Im Luftmessnetz Baden-Württemberg wurde 2013 an 27 Messstationen im städtischen Hintergrund, an 8 Verkehrsmessstationen und an 2 Messstationen im ländlichen Hintergrund Stickstoffdioxid (NO2) gemessen. An den Stationen im städtischen und ländlichen Hintergrund wurde der Immissionsgrenzwert als Mittelwert über das Kalenderjahr von 40 Mikrogramm pro Kubikmeter (μg/m³) eingehalten, nicht jedoch an den 8 Verkehrsmessstationen. Der Kurzzeit-Immissionsgrenzwert von 200 μg/m³ (1-Stundenmittelwert) konnte 2013 im Luftmessnetz Baden-Württemberg an allen Messstationen eingehalten werden.
An den zusätzlichen Spotmessstellen (Messstellen mit vermutlich höchsten Belastungen) wird NO2 nicht nur mit kontinuierlich anzeigenden Messgeräten gemessen, sondern auch mit Passivsammlern. Mit den Passivsammlern können nur Jahresmittelwerte ermittelt werden. Der Immissionsgrenzwert von 40 μg/m³ (Jahresmittelwert) wurde 2013 an den Spotmessstellen Karlsruhe Kriegsstraße, Urbach Hauptstraße und Murg Hauptstraße eingehalten, an den anderen 23 Spotmessstellen dagegen überschritten.

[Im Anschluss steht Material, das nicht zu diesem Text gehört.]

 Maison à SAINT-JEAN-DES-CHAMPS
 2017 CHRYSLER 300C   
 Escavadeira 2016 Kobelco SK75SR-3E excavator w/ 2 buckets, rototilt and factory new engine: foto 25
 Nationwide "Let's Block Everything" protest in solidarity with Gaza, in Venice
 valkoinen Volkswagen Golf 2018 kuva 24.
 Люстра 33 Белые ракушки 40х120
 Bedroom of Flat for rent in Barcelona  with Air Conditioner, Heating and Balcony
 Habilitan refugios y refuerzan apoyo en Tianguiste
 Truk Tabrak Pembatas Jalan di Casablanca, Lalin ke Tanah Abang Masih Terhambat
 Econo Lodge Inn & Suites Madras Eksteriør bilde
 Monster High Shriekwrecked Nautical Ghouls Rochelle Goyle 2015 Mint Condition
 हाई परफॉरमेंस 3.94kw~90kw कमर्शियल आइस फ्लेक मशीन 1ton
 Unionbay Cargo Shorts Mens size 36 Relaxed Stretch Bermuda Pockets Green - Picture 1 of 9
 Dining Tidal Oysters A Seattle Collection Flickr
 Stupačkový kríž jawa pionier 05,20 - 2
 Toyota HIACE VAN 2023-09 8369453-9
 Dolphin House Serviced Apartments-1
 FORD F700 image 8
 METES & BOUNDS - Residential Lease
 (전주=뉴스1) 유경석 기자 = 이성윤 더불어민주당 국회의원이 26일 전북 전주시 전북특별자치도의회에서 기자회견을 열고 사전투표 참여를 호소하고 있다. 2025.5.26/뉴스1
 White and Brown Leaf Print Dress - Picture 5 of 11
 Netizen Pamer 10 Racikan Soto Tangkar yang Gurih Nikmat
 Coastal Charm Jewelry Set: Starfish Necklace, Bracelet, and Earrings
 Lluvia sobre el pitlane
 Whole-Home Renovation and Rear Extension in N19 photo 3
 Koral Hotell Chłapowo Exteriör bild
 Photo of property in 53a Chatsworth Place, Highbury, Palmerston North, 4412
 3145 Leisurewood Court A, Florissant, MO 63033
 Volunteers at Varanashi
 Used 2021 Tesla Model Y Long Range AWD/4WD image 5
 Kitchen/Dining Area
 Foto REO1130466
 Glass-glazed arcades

An den 6 Spotmessstellen, an denen mit kontinuierlich anzeigenden Messgeräten gemessen wird, wurde die zulässige Anzahl von 18 Überschreitungen im Kalenderjahr für den Kurzzeit-Immissionsgrenzwert von 200 μg/m³ (1-Stundenmittelwert) lediglich an zwei Spotmessstellen nicht eingehalten (Stuttgart Am Neckartor und Stuttgart Hohenheimer Straße).
Weiterführende Informationen: LUBW – Kenngrößen der Luftqualität – Jahresdaten 2013
Luftreinhalteplanung – wirksame Maßnahmen
Die Einhaltung der vorgeschriebenen EU-weiten Luftqualitätsgrenzwerte, auch der NO2-Grenzwerte, obliegt den Ländern und Städten vor Ort. Länder und Gemeinden haben im Rahmen von umfassenden Luftreinhalteplänen erhebliche Anstrengungen zur Verbesserung der Luftqualität unternommen und eine deutliche Reduzierung der Schadstoffemissionen erreicht. So haben die Länder Umweltzonen eingerichtet (in Baden-Württemberg derzeit 26) und Lkw-Durchfahrtsverbote verhängt. Dass die Anstrengungen Deutschlands anerkannt werden, zeigt sich auch darin, dass die Europäische Kommission gegen Deutschland aktuell lediglich ein Pilotverfahren, also eine Vorstufe eines Vertragsverletzungsverfahrens, eröffnet hat. Gegen Großbritannien hatte sie im Februar des Jahres ein Vertragsverletzungsverfahren eröffnet.
Kraftfahrzeugemissionen
Um dem Problem der von den Typprüfverfahren abweichenden realen Emissionen zu begegnen, hat die Europäische Kommission eine Arbeitsgruppe zu „Real Driving Emissions“ (RDE) eingesetzt. Ziel der Europäischen Kommission und der Mitgliedstaaten ist die Erarbeitung eines zusätzlichen Messverfahrens für Diesel-Fahrzeuge der Abgasstufe Euro 6 zur Ermittlung der „realen Emissionen“, insbesondere von Stickstoffoxiden (Summe aus Stickstoffmonoxid und Stickstoffdioxid), das die bisherigen Abgasmessungen im Labor ergänzen soll.